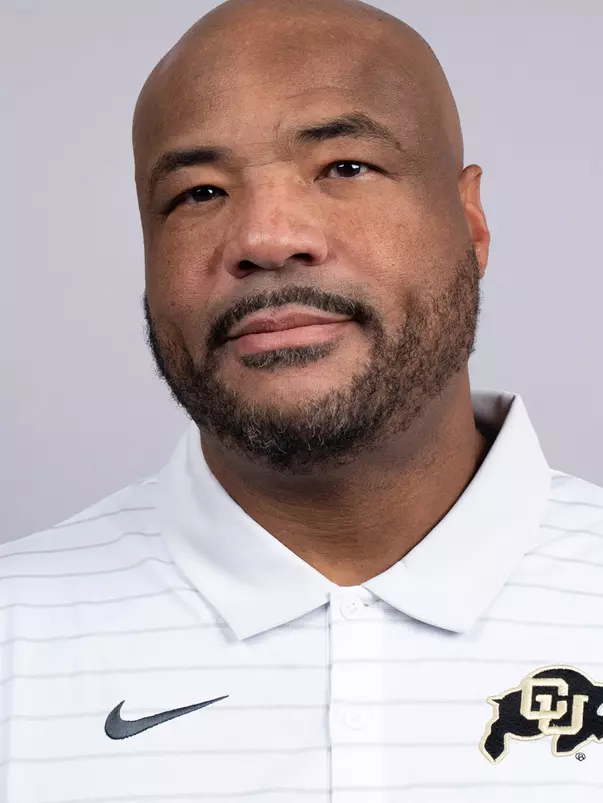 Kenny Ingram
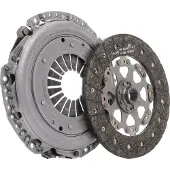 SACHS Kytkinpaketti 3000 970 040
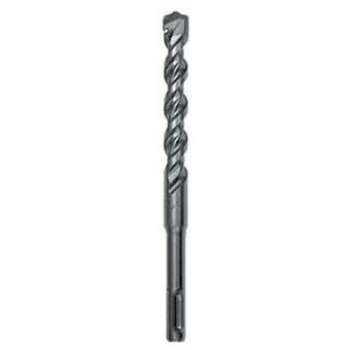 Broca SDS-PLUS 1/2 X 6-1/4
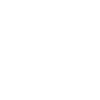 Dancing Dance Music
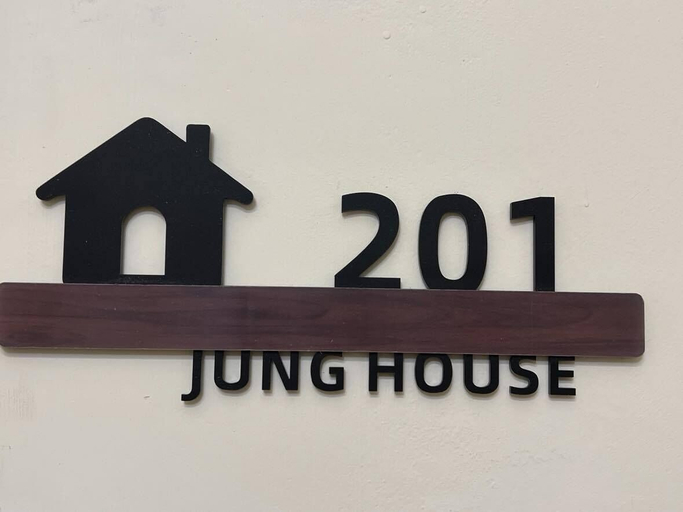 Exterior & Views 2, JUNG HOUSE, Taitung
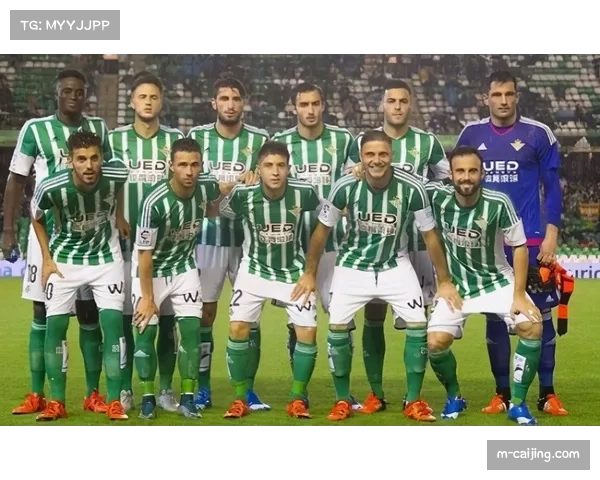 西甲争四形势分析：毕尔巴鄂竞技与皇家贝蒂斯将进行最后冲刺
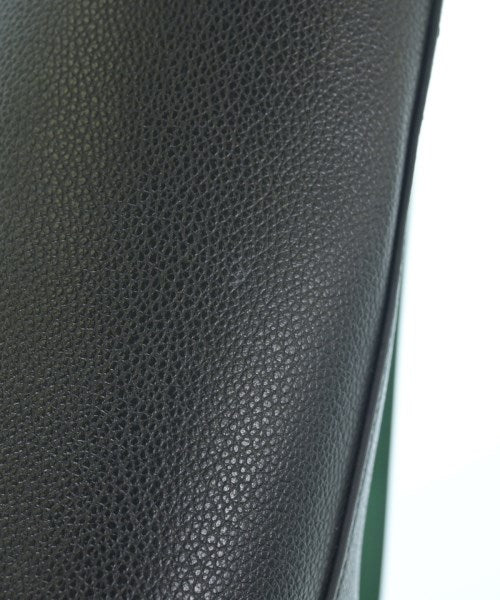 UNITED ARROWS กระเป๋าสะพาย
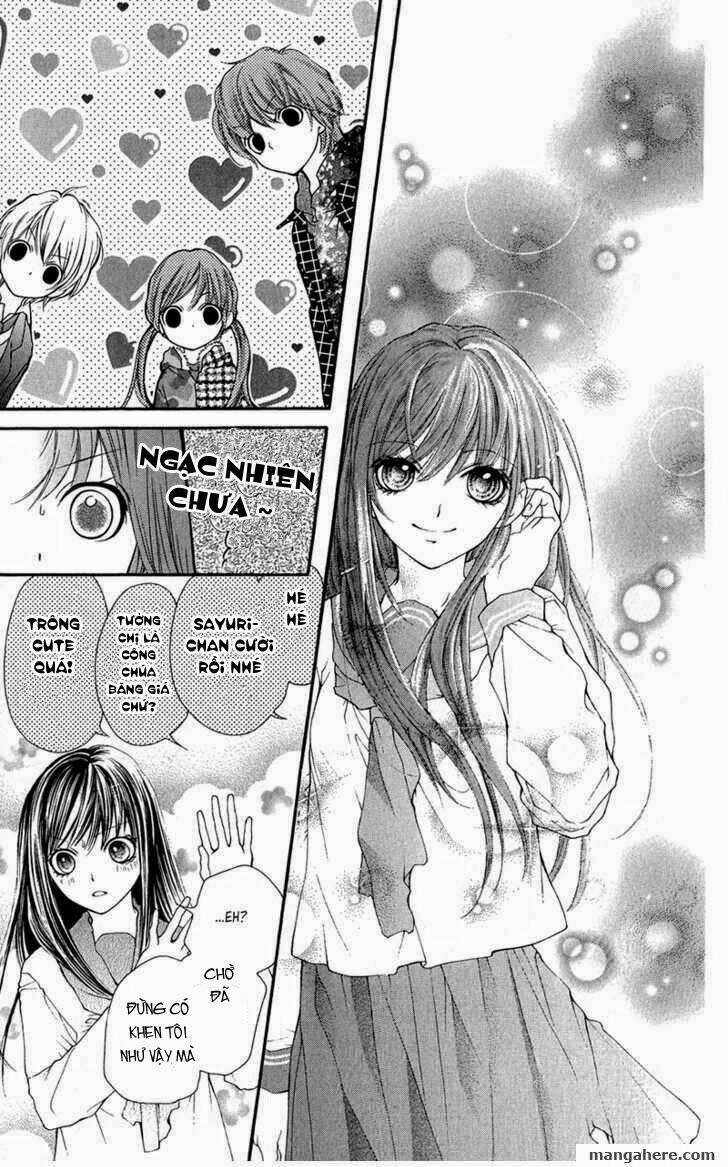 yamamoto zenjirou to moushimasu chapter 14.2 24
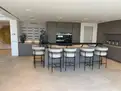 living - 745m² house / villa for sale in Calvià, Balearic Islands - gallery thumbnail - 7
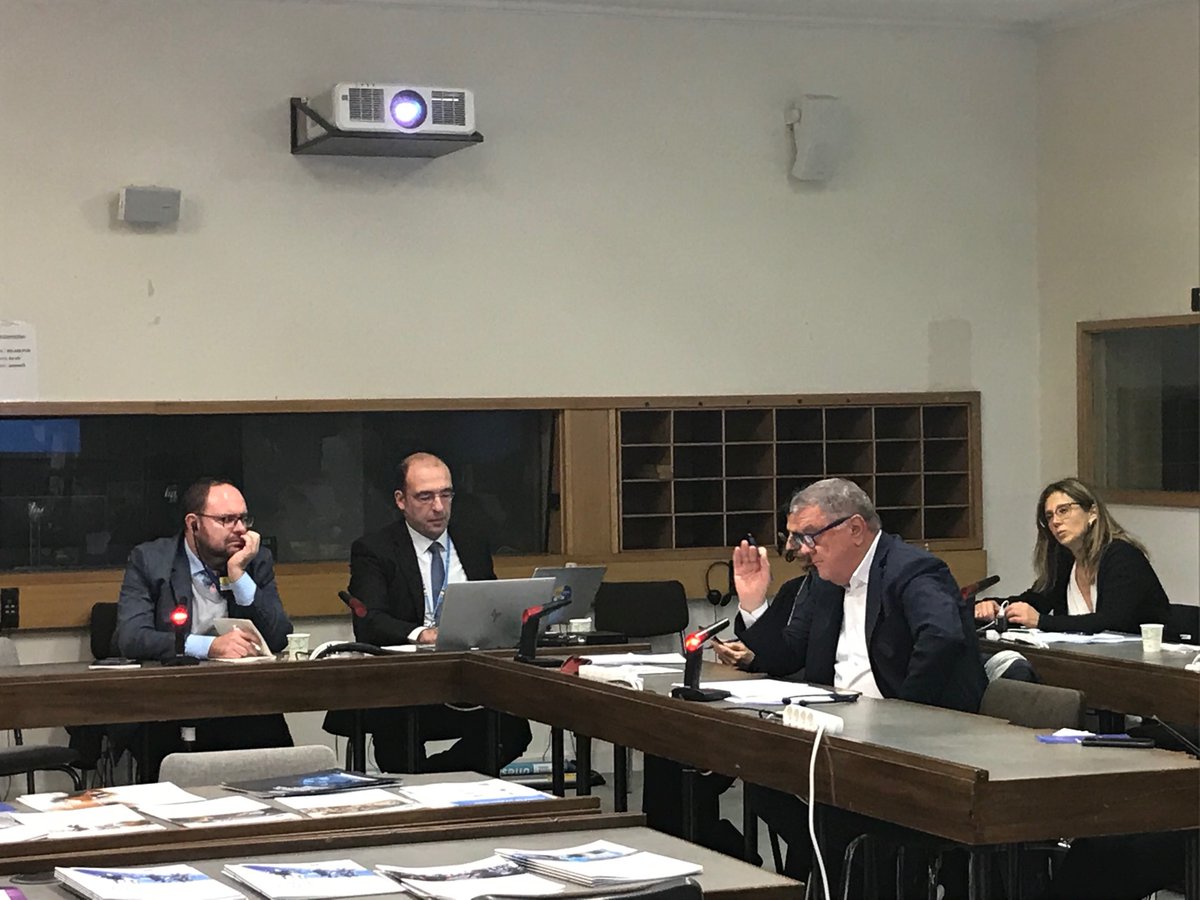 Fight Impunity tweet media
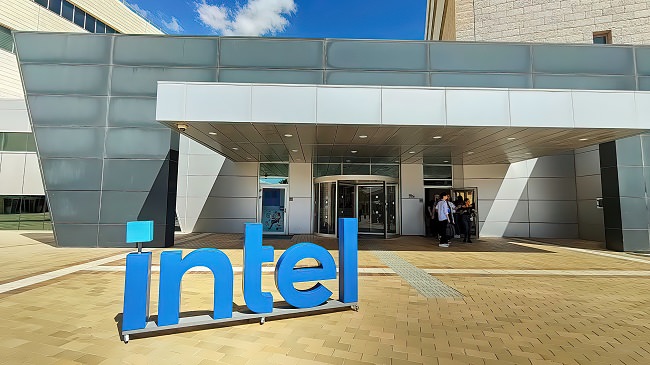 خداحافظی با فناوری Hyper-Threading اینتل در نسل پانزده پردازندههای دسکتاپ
---
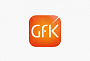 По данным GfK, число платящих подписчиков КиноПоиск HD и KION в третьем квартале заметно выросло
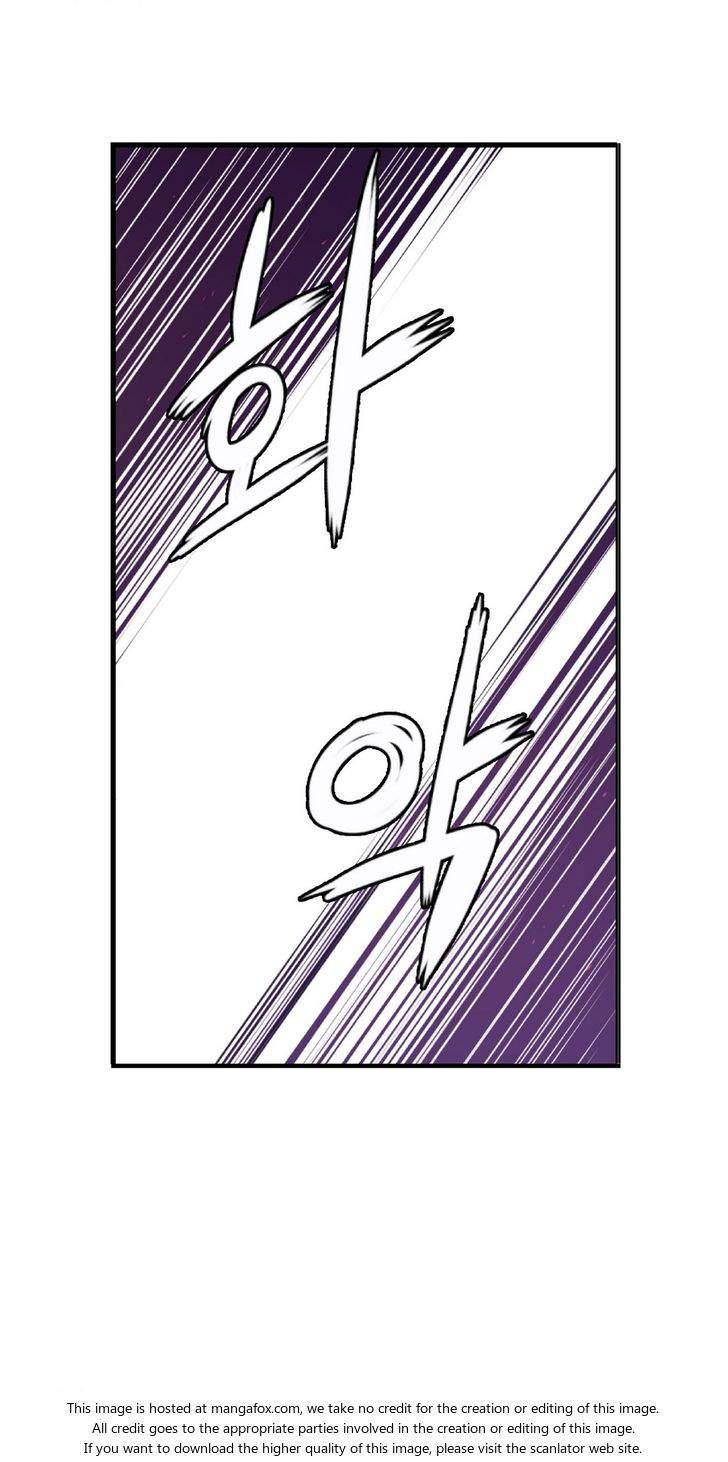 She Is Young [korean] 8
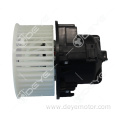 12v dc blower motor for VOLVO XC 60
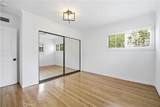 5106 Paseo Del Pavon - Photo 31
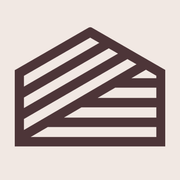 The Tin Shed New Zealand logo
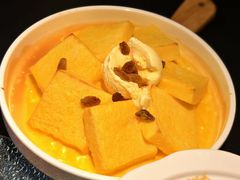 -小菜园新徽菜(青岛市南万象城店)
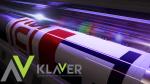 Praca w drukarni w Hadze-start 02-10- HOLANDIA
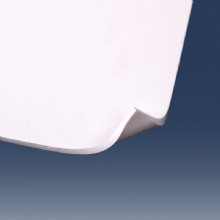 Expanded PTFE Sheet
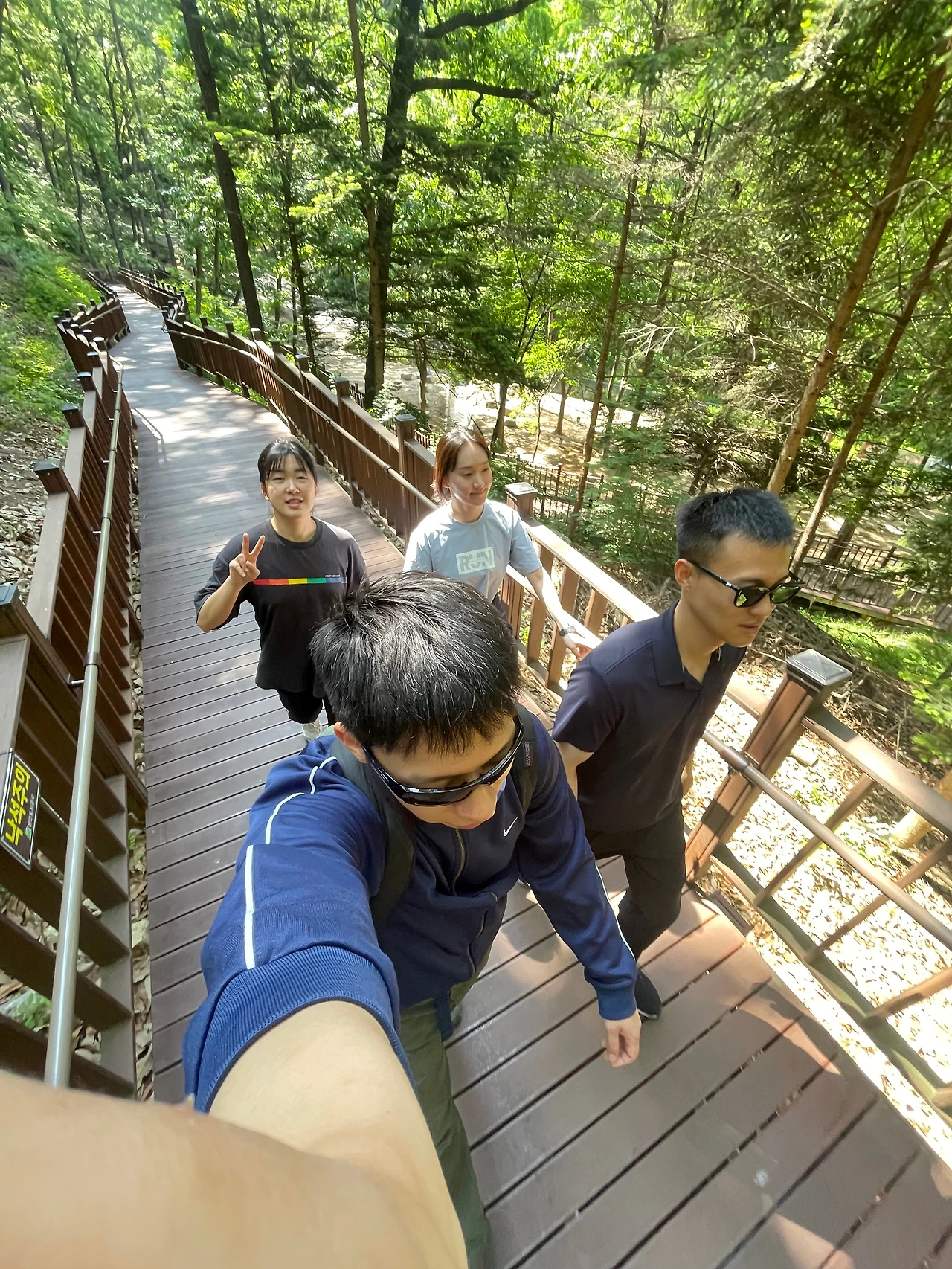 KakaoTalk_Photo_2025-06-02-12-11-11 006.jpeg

**INSTRUCTIONS FOR THE TASK**:
Write out exactly the run of lines above that starts at the line containing "Expanded PTFE Sheet" and ends at the line containing "KakaoTalk_Photo_2025-06-02-12-11-11 006.jpeg". Include both, and leave the pictures out.

**RESPONSE TO THIS TASK**:
 Expanded PTFE Sheet
 KakaoTalk_Photo_2025-06-02-12-11-11 006.jpeg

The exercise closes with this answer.